=== Data excerpts ===
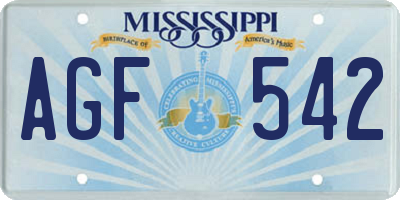 MS license plate AGF542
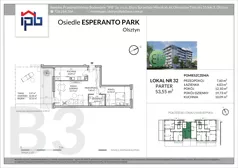 2 pokoje, mieszkanie 53,55 m², parter, oferta nr B3-32, Esperanto Park Budynek B3, Olsztyn, Podleśna, ul. Ludwika Zamenhofa 16d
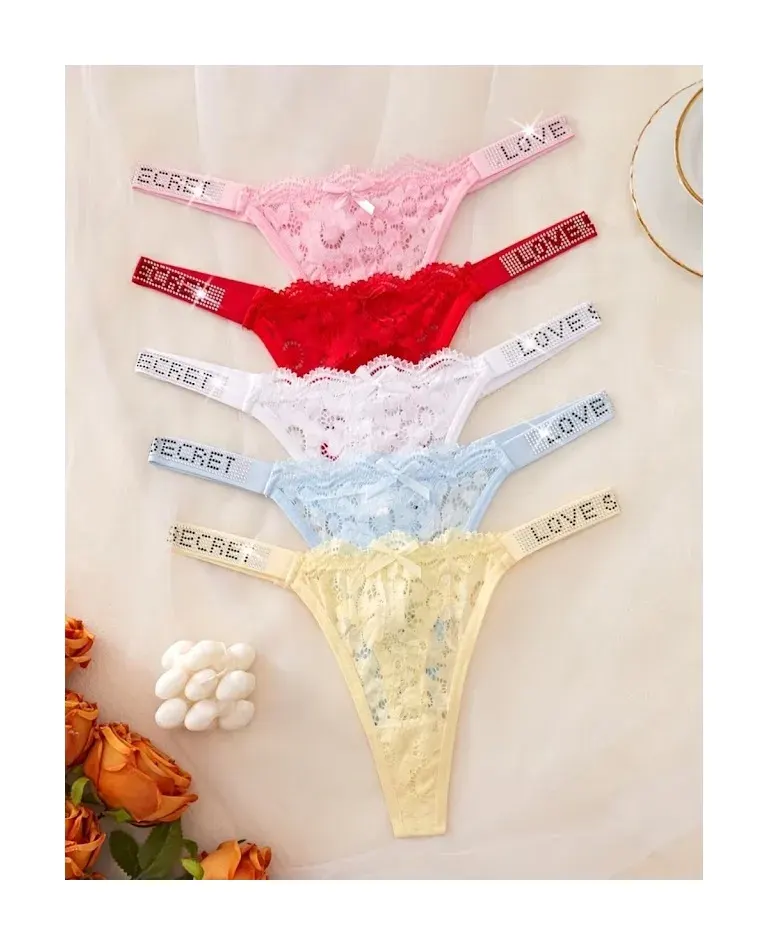 Lencería Sexy Tanga Brillos Set X5 Encaje Licrado1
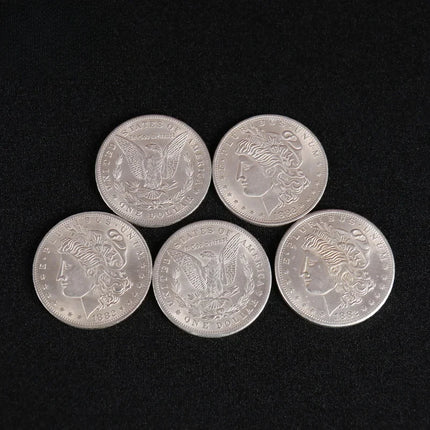 Walking Liberty Half Dollar Shell and Coin Set/Morgan Dollar Shell and Coin Set (4 Coins 1 Shell) By Oliver Magic Tricks Props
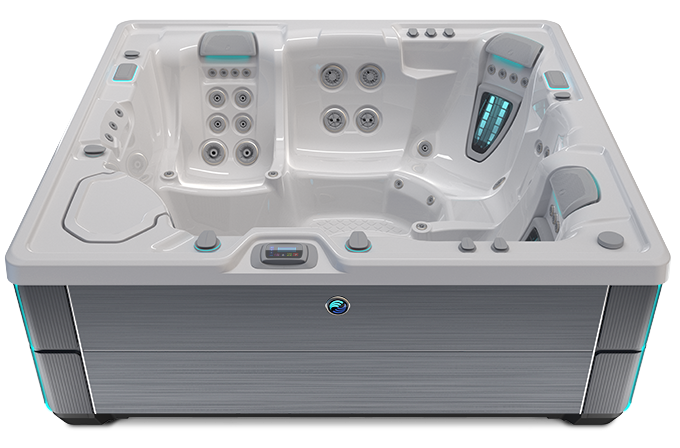 Highlife Envoy Hot Tub with Ice Gray Shell and Charcoal Cabinet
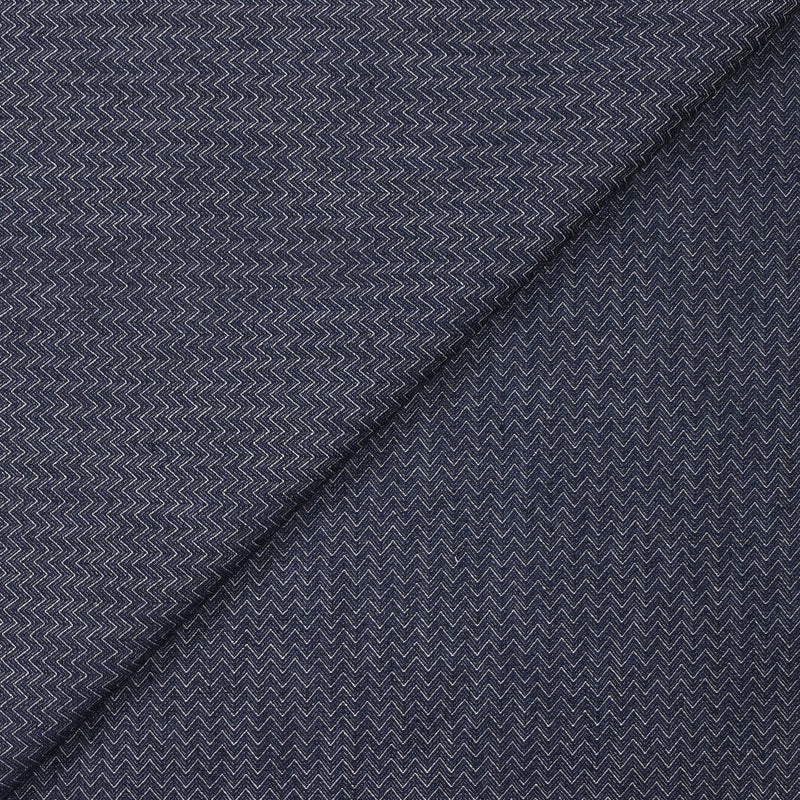 Jean's coton chevrons en jacquard bleu foncé
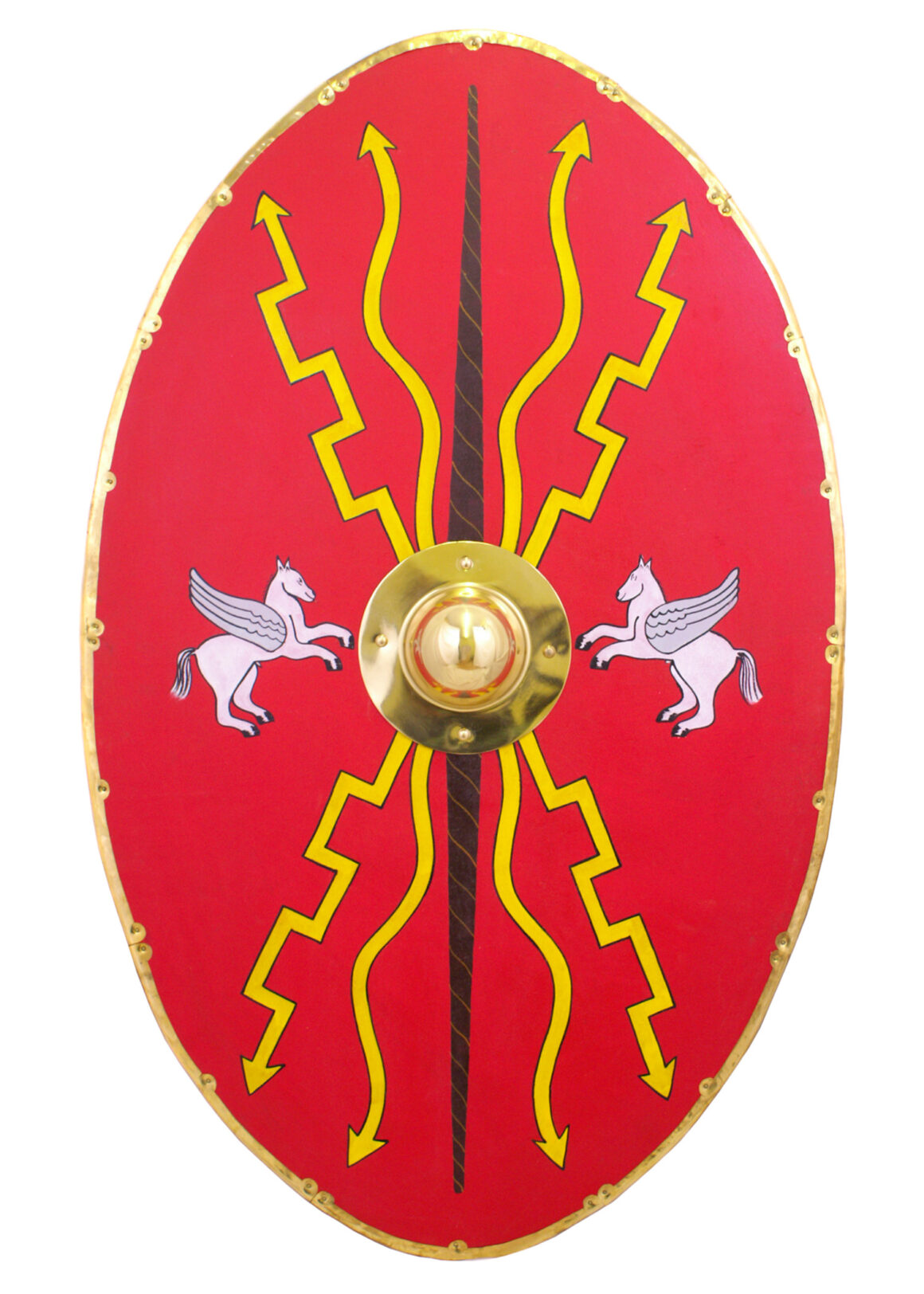 Zenturio Scutum mit Leinenüberzug, Schildbuckel (Holz)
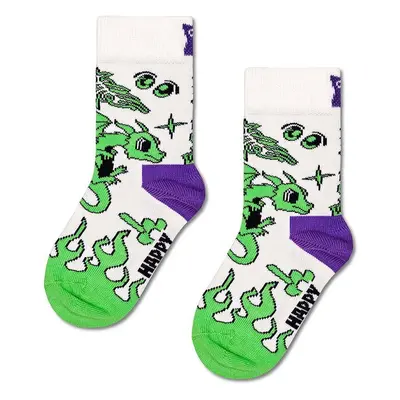 Dětské ponožky Happy Socks Kids Hyper Dragon Sock zelená barva, P001447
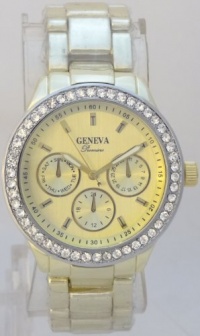 Geneva Quartz Chronograph-style Look Rhinestone on Bezel Gold Metal Band Geneva Quartz Chronograph-style Look Rhinestone on Bezel Gold Metal Band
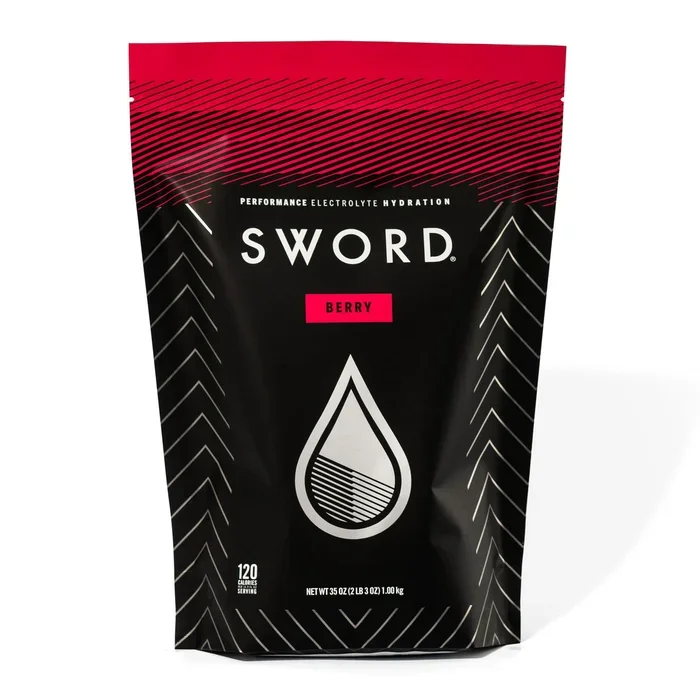 SWORD PERFORMANCE Electrolytes Powder – Instant Hydration, Electrolyte Powder No Sugar, Carb Energy & Endurance Drink Mix, 30 Servings, Gluten-Free, Easy Digestion, Berry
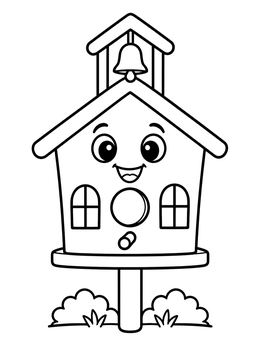 Free printable Cheerful Schoolhouse Birdhouse coloring page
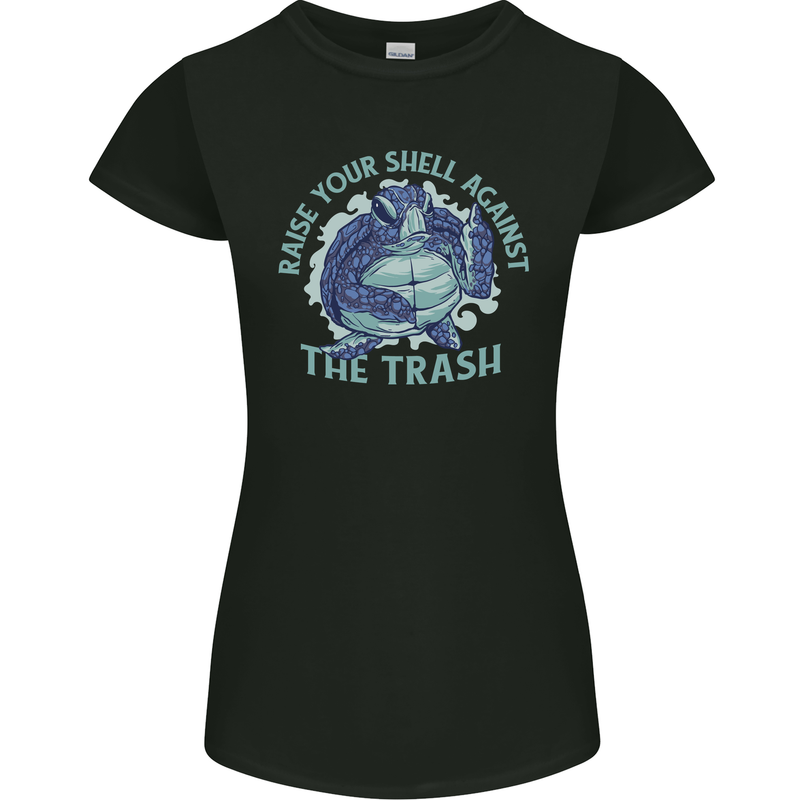 Offensive Turtle Environment Climate Change Womens Petite Cut T-Shirt Black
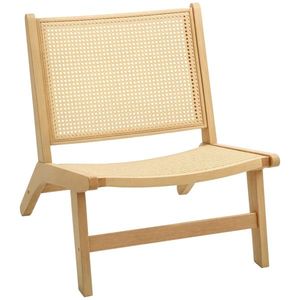 HOMCOM Fotoliu din Răchită, Fotoliu de Lectură, Cadru din Lemn, Design Larg, 64 x 70 x 74 cm, Lemn Natural | Aosom Romania imagine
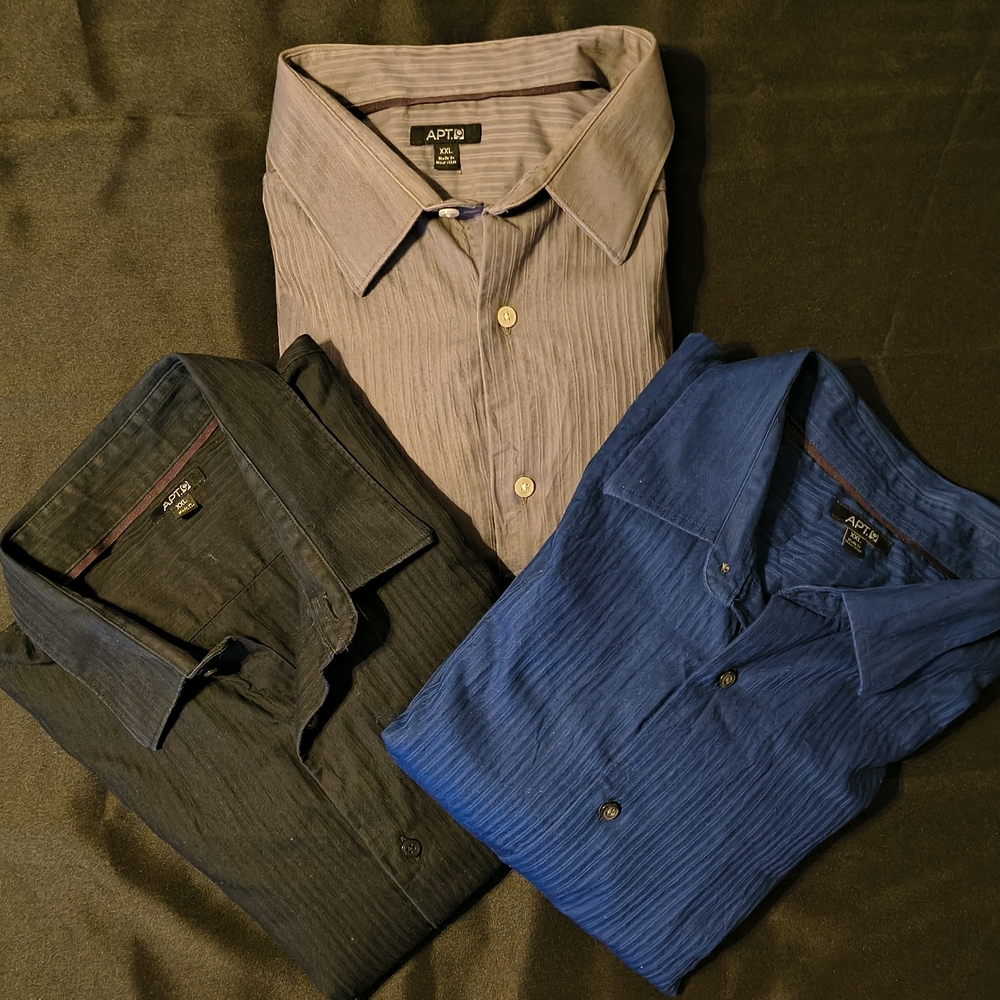 Apt. 9 Men's Casual Button Down Shirts - Black, Gray, and Blue Long sleeve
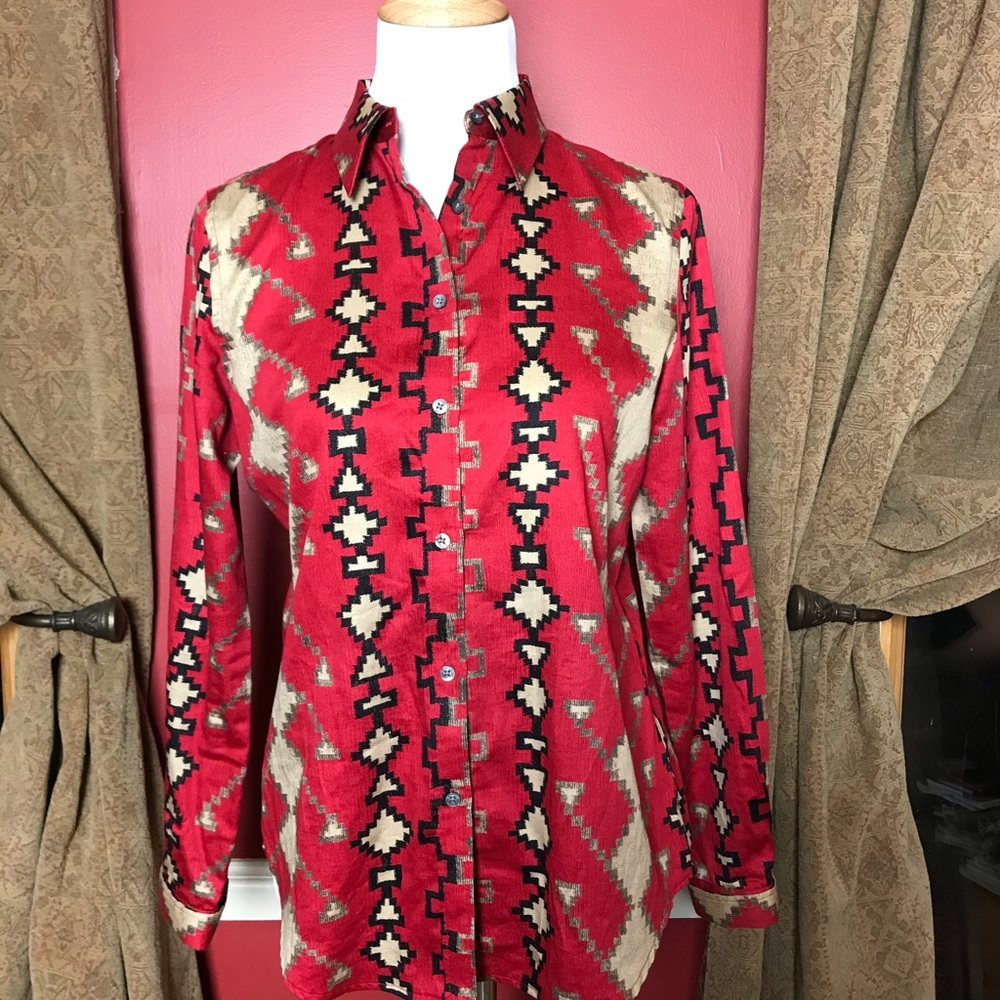 Ralph Lauren Aztec print button down shirt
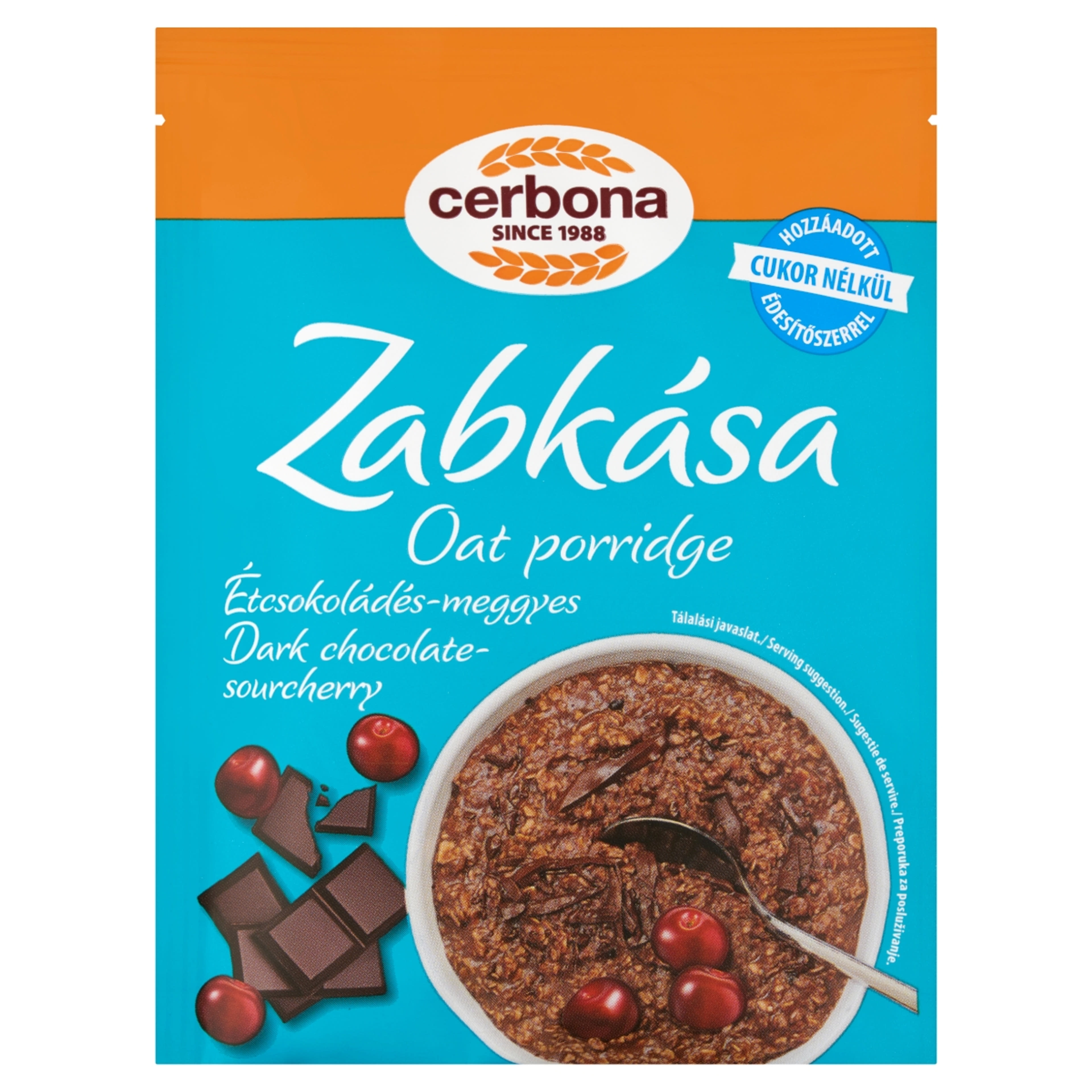 Cerbona étcsokoládés, meggyes zabkása - 50 g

=== Your task ===
Copy exactly the lines that begin at the one containing "SWORD PERFORMANCE Electrolytes" and end at the last line of the records, both included, omitting the pictures.

=== Response to the task ===
 SWORD PERFORMANCE Electrolytes Powder – Instant Hydration, Electrolyte Powder No Sugar, Carb Energy & Endurance Drink Mix, 30 Servings, Gluten-Free, Easy Digestion, Berry
 Free printable Cheerful Schoolhouse Birdhouse coloring page
 Offensive Turtle Environment Climate Change Womens Petite Cut T-Shirt Black
 HOMCOM Fotoliu din Răchită, Fotoliu de Lectură, Cadru din Lemn, Design Larg, 64 x 70 x 74 cm, Lemn Natural | Aosom Romania imagine
 Apt. 9 Men's Casual Button Down Shirts - Black, Gray, and Blue Long sleeve
 Ralph Lauren Aztec print button down shirt
 Cerbona étcsokoládés, meggyes zabkása - 50 g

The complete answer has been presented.